» **Requirement**: From the line containing "Garden tool with" through the last line of the data, both ends included, write out every line exactly; omit the pictures.
——————————
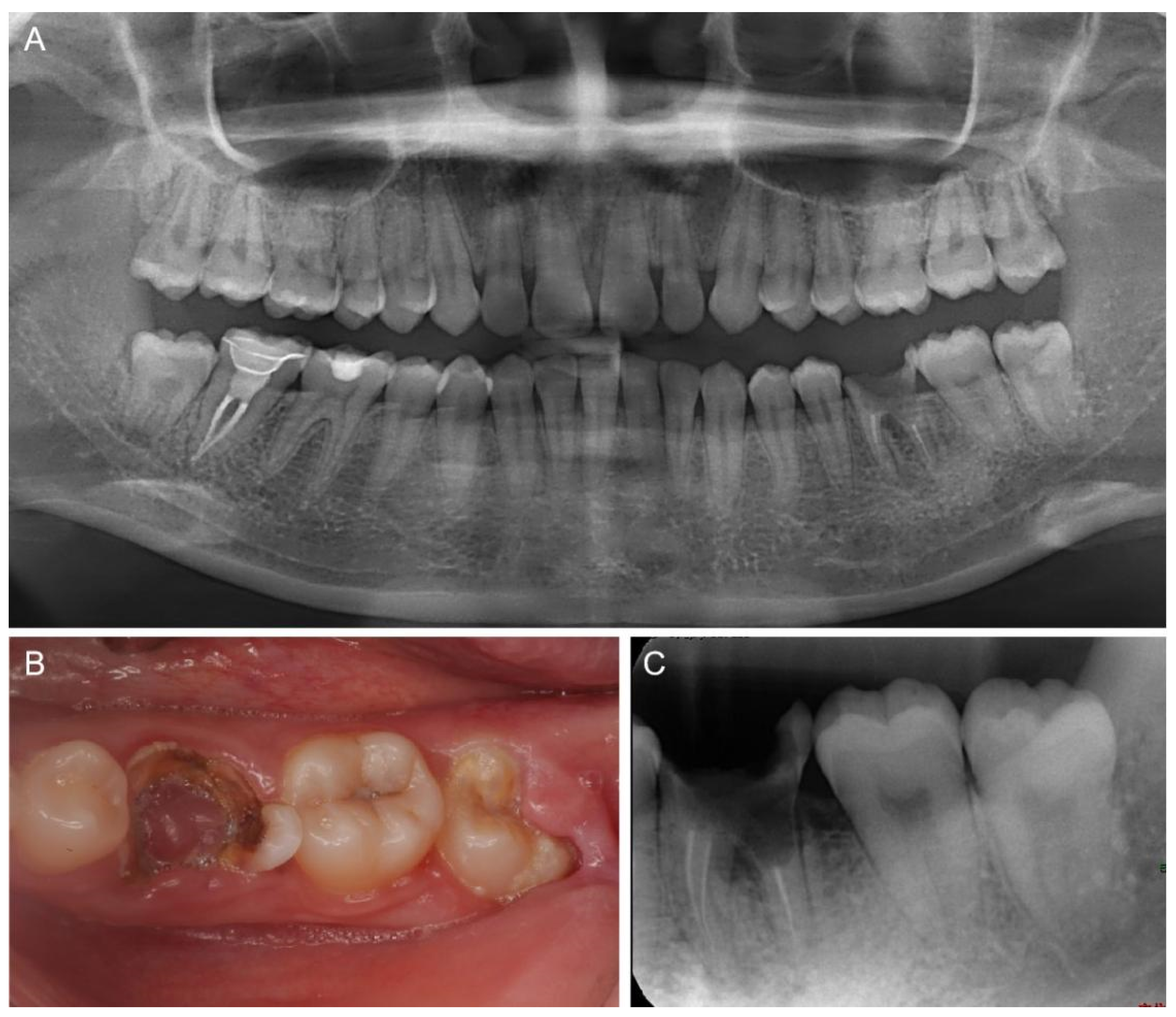 Medicina 58 00953 g001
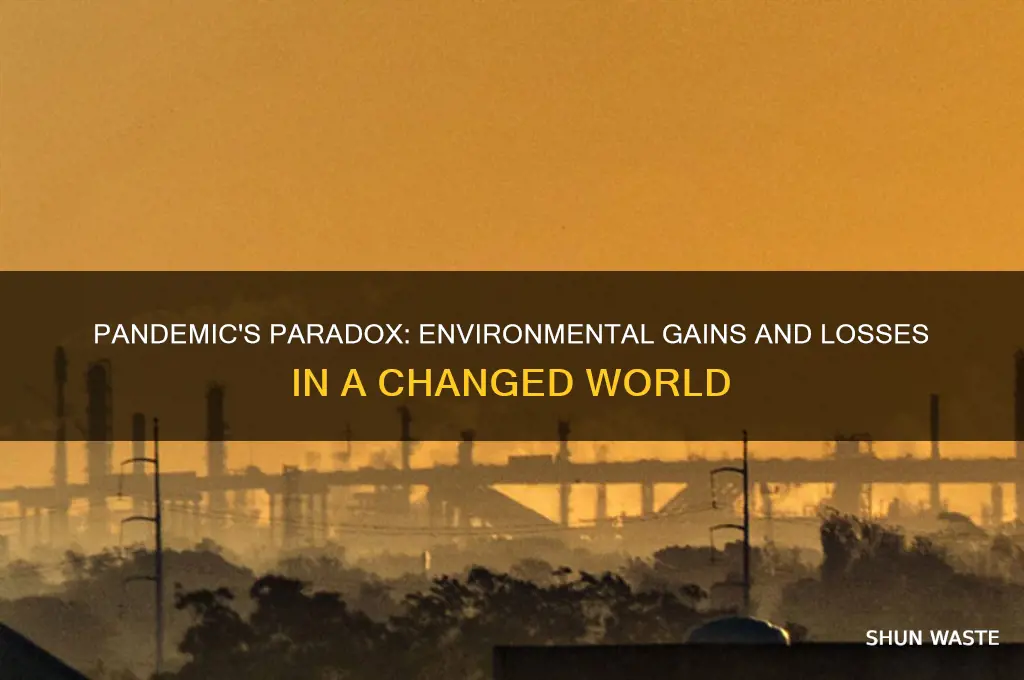 how has the pandemic impacted the environment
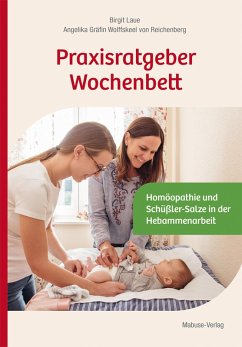 Praxisratgeber Wochenbett (eBook, PDF) - Laue, Birgit; Wolffskeel Von Reichenberg, Angelika Gräfin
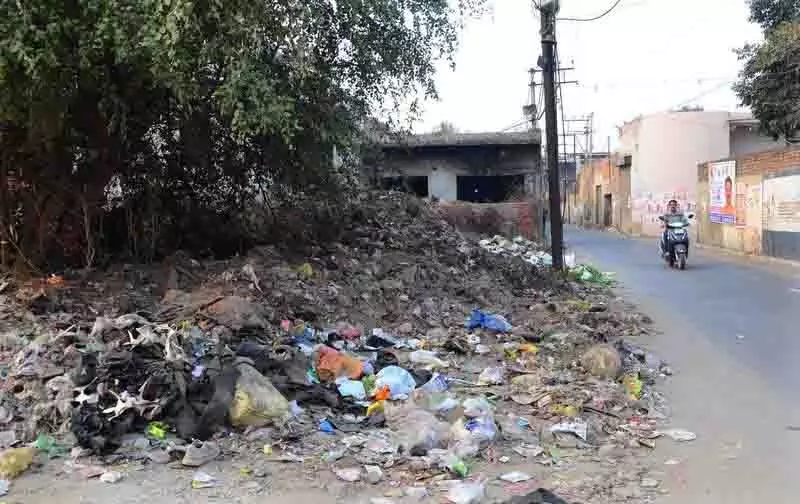 Jalandhar के नए मेयर कूड़े की समस्या का समाधान करेंगे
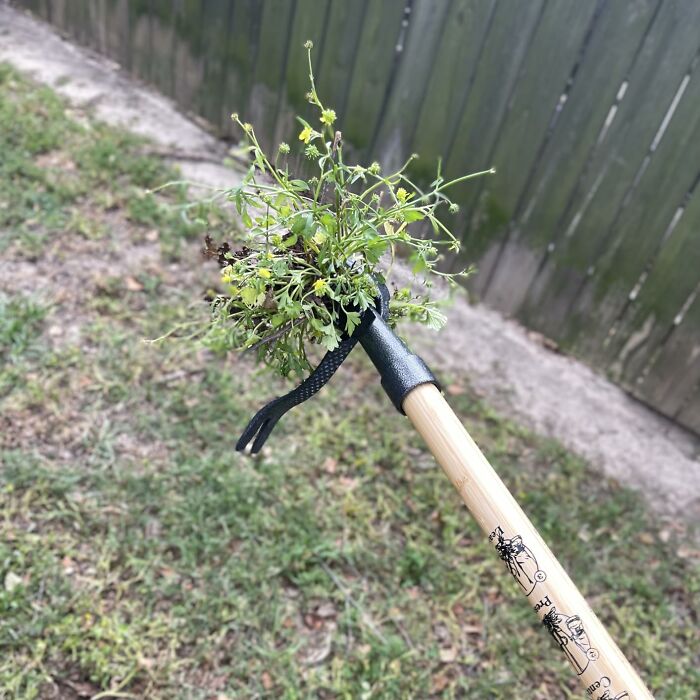 Garden tool with wooden handle extracting tiny weeds and plants to silence garden's tiny tantrums effectively.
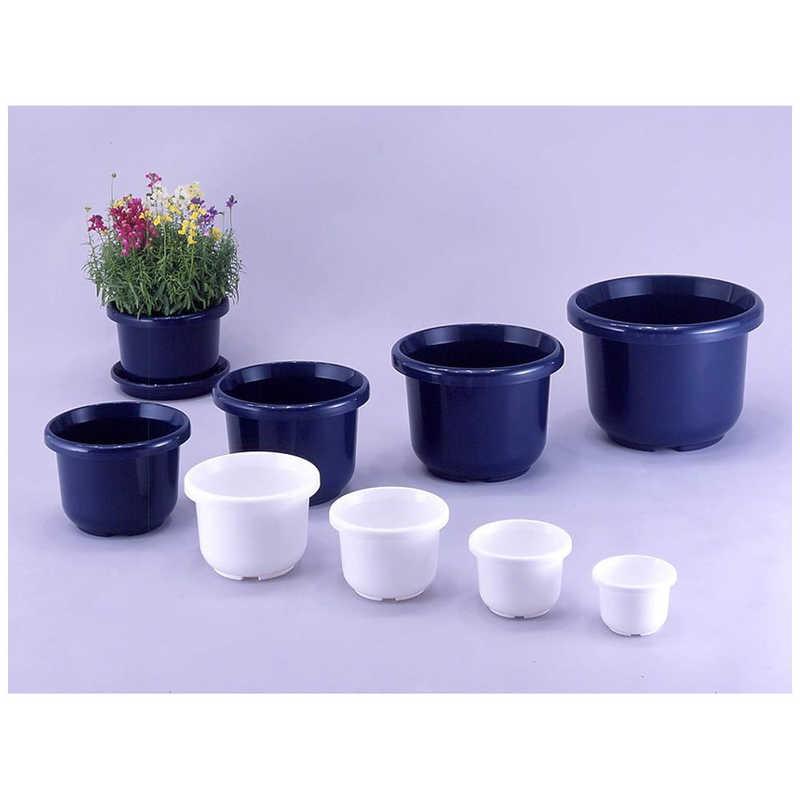 アップルウェアー 輪鉢F型 7号 ホワイト ワハチFガタ7ゴウ : コジマ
——————————
» **Written solution**:
 Garden tool with wooden handle extracting tiny weeds and plants to silence garden's tiny tantrums effectively.
 アップルウェアー 輪鉢F型 7号 ホワイト ワハチFガタ7ゴウ : コジマ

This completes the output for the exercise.